Facing a profession in a state of rapid change, financial advisors are already overburdening their emotions and intellect—but the pressures of Covid-19 have made things even more stressful.

Some advisors are burning out, said Jennifer Tarsney, director of New York Life Investments’ Advisor Advancement Institute (AAI). The AAI is dedicated to helping advisors identify new ways of doing things, conducting proprietary research around industry and demographic issues and, based on that research, issuing recommendation for best practices to grow advisory businesses and improve the client experience.

Before the pandemic, changing client demographics were one of the leading stressors for advisors, said Tarsney.

“What burns out advisors in a normal scenario is the amount of client contact needed these days to keep clients happy,” she said. “The work we’ve done with women clients shows that they are requiring more and more proactive contact from their advisor to really feel satisfied. Advisors, in general, are struggling to keep up with these new expectations.”

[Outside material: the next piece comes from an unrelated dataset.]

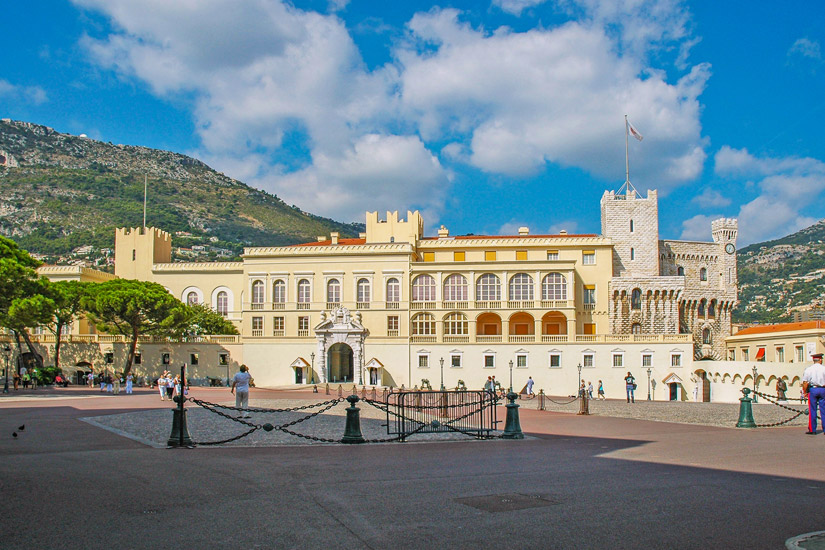 Residenz des Fuersten von Monaco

Then, Covid-19 forced almost everyone—advisors, clients, support staff, prospects, third-party vendors—to work from home. With their team dispersed, an advisor couldn’t walk down the hallway or poke his head in another office to ask a question or have a conversation. In a virtual, work-from-home environment, advisors often have to stop what they’re doing to track someone down and have a conversation, said Tarsney.

Tasks and workflows that require multiple people take longer with a dispersed workforce, said Tarsney, so where possible, advisors often take on more responsibilities themselves. “That’s leading to a sense of being overwhelmed—at the end of the day it’s 5 o’clock and you haven’t gotten through your to-do list.”

Changing Roles
The changing role of financial advisors has also taken a toll. When most advisors first got into the business 20 to 35 years ago, their main focus was on managing investments.

Today, more advisors primarily serve as wealth and life coaches, and many delegate investment management to another internal staff member or department, our outsource it to a third party.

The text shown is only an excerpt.